И я припомнил, как детстве точно также плакал, представляя, что не стало вдруг матери. И, сколько бы я не проделывал это, всякий раз был безутешен, хотя слышал через стену её голос, и понимал, что этого не может произойти. Никогда. Дети вообще-то знают про такое совершенно точно.
Я вырос, и теперешние текущие слёзы были всё по тому же поводу, но лишённые наивной детской сладости от уверенности, что всё наладится, и останется как прежде, горчили иначе, а стекая, разъедали сердце до самой души.
Мама пришла от врача…
Драгоценные минуты жизни…
На самом донышке горизонта плескалось озеро луны. Налитая его мера была во всякий день своя, а случалось так, что приходилось обходиться вовсе без неё. Без привычного глотка луны, как без подслащённой мёдом порции горячего молока на ночь, спалось прямо скажем – неважно.

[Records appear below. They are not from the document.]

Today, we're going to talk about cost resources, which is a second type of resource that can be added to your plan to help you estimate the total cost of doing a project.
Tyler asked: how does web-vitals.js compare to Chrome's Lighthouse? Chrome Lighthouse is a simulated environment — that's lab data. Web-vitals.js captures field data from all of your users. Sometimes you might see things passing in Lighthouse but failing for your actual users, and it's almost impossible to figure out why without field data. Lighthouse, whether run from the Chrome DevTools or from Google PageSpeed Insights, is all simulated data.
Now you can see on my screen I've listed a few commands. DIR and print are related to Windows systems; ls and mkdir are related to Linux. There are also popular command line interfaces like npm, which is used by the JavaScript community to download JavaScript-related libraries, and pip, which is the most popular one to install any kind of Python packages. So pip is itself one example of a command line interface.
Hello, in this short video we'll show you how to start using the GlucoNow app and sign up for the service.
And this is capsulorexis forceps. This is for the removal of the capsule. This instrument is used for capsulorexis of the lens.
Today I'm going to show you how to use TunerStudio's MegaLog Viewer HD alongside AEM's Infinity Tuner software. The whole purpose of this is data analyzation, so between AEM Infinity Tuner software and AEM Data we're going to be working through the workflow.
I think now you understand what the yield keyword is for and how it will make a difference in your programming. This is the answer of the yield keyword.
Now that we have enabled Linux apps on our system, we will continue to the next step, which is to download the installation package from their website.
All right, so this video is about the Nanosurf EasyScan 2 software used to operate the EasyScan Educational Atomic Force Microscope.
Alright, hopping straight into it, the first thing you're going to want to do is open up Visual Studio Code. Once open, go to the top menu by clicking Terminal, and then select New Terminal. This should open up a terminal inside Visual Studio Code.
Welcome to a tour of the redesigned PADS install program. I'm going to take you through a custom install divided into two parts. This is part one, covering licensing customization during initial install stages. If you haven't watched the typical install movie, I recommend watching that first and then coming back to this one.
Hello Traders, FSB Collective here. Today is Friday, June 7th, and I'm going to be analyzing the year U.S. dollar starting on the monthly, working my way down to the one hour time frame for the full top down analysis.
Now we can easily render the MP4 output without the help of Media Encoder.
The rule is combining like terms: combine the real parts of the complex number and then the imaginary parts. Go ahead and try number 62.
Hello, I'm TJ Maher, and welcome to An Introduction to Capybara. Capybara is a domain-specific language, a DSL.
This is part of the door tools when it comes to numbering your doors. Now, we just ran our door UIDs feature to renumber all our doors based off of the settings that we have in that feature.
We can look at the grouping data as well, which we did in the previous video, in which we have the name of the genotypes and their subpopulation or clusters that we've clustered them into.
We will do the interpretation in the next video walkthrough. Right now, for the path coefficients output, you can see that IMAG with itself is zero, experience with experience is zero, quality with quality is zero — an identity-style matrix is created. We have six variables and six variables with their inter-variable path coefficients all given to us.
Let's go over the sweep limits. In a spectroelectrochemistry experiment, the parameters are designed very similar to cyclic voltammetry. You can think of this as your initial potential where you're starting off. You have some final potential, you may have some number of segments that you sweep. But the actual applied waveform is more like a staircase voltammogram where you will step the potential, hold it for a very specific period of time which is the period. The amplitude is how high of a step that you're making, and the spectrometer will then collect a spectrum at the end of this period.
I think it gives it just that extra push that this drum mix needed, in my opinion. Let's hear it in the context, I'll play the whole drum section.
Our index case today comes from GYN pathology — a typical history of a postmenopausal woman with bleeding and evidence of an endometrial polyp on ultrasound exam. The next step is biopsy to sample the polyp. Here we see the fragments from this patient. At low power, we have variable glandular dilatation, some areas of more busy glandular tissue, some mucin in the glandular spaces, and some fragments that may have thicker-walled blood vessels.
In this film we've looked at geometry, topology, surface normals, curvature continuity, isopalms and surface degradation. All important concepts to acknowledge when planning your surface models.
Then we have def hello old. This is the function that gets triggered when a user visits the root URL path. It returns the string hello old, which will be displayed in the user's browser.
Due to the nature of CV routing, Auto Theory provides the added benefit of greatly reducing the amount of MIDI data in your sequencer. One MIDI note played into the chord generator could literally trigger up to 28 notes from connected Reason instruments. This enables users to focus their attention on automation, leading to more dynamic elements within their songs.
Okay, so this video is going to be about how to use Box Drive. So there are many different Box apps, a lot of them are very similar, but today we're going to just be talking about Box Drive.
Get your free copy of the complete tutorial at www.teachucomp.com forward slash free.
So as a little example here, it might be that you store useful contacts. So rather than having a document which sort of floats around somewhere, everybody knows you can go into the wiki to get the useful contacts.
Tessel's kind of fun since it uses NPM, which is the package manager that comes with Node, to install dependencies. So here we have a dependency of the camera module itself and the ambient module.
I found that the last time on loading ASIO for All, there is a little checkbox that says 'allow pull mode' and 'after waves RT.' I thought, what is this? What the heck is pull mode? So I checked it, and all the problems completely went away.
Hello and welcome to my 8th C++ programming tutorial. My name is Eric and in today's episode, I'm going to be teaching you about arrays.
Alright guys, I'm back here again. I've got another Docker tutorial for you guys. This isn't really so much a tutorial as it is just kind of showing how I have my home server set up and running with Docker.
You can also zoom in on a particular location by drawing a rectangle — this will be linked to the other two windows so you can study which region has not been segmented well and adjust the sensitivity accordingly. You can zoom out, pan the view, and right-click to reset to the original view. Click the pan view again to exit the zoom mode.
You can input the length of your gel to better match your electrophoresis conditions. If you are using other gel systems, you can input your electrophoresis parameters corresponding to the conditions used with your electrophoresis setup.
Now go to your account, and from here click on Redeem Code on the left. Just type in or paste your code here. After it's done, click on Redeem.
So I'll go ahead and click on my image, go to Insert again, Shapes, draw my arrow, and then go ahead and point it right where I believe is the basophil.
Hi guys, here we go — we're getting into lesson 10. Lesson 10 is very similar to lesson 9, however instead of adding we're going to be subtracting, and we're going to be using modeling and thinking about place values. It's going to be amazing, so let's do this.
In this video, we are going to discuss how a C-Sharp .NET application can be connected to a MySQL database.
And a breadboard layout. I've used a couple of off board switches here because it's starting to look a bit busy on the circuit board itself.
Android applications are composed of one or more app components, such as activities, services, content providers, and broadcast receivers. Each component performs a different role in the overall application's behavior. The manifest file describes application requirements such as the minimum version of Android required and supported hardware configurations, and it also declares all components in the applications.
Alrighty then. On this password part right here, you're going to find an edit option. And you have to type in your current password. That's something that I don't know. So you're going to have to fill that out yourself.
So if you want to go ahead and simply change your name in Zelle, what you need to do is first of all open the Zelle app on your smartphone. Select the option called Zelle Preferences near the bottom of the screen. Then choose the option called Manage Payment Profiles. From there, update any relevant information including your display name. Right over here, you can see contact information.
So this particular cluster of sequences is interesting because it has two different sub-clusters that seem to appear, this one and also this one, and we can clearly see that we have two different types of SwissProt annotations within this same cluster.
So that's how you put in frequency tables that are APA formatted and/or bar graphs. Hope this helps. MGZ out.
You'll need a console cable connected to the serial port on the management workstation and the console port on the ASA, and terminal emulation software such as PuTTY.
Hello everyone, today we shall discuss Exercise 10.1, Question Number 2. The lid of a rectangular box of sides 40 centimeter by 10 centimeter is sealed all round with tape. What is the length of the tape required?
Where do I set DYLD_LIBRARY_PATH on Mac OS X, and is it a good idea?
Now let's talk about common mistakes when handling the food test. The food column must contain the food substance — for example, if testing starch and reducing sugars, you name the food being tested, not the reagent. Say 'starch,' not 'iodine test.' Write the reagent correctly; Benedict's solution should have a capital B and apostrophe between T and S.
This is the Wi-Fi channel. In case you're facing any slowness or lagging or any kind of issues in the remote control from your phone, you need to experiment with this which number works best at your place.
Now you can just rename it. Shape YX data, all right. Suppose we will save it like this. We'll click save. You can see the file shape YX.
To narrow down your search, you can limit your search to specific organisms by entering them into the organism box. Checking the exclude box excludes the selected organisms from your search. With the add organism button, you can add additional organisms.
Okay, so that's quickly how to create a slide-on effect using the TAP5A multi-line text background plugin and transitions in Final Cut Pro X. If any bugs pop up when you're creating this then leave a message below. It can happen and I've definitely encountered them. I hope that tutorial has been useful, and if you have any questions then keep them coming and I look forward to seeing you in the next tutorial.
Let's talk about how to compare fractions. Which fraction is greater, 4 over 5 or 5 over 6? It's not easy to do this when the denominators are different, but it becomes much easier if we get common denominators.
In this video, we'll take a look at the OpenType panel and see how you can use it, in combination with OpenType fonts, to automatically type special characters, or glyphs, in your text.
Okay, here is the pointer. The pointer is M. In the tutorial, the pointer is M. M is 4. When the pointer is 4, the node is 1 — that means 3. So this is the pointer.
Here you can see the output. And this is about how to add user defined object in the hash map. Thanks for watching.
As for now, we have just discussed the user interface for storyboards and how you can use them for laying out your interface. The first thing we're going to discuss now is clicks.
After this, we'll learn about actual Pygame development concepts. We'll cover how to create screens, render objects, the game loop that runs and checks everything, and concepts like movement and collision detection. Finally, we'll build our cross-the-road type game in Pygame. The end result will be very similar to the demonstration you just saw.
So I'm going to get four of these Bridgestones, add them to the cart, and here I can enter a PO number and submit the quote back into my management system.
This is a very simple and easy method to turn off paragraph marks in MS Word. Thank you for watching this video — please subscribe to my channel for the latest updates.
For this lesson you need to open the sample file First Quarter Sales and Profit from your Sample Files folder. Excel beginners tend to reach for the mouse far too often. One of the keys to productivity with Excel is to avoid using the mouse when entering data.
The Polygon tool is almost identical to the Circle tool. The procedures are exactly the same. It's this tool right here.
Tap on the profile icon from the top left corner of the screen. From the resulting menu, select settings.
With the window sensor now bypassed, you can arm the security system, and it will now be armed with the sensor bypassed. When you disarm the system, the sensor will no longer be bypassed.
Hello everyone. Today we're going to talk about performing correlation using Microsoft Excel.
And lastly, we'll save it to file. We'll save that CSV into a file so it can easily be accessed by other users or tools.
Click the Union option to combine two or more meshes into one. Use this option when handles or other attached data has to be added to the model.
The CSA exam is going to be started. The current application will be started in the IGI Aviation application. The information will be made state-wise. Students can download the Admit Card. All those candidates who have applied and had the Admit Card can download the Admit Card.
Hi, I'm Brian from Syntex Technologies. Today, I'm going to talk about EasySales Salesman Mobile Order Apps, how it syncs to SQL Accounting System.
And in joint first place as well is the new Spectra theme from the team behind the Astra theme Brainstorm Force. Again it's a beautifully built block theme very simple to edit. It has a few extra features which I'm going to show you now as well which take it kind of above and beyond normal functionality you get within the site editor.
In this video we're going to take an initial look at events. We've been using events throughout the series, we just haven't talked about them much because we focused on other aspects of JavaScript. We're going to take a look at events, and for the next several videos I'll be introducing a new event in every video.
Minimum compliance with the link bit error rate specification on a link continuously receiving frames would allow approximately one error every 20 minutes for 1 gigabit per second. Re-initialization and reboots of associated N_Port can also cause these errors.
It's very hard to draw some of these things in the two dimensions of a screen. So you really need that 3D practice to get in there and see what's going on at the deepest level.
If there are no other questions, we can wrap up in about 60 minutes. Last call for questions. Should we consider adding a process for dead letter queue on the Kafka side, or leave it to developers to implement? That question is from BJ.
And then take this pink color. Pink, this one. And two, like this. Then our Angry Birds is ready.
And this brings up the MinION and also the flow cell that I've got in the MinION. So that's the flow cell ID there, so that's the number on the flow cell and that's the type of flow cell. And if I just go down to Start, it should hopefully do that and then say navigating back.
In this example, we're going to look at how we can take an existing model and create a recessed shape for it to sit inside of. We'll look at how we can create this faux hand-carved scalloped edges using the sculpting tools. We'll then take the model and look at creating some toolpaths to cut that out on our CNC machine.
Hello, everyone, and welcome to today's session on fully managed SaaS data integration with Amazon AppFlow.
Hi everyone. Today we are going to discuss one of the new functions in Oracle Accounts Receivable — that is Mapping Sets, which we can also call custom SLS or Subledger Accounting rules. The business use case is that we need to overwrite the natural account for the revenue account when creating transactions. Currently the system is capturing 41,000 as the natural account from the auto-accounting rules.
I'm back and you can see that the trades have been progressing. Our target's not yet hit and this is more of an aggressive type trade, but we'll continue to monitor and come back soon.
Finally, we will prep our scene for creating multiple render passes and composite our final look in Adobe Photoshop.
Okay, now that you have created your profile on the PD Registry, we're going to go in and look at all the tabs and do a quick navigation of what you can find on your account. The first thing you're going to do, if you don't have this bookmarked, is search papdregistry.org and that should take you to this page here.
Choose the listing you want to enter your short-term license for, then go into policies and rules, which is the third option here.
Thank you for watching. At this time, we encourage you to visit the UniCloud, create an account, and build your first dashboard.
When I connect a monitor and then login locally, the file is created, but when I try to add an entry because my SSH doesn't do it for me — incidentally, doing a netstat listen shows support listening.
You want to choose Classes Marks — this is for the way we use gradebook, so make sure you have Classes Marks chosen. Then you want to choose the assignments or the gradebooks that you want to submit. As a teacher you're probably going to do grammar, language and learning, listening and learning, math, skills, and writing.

Порешив, что лежать просто так, без сна, всё равно, что терять даром драгоценные минуты жизни, я оделся потеплее и вышел во двор. Лишённый какого-либо мало-мальски заметного штакетника или даже осиновых кольев, вбитых в неповинную грудь земли, двор сливался с луговиной.
На поляне, прикрытой для сохранности грубой тканью наста, промеж пней и поваленных деревьев, прижимающих снежный покров, дабы не трогался с места до весны, неторопливо прохаживался олень. Временами он останавливался, нежно щурился на мелкий снег, коим небо обильно солило землю. Казалось, он не замечает меня, но это было не так.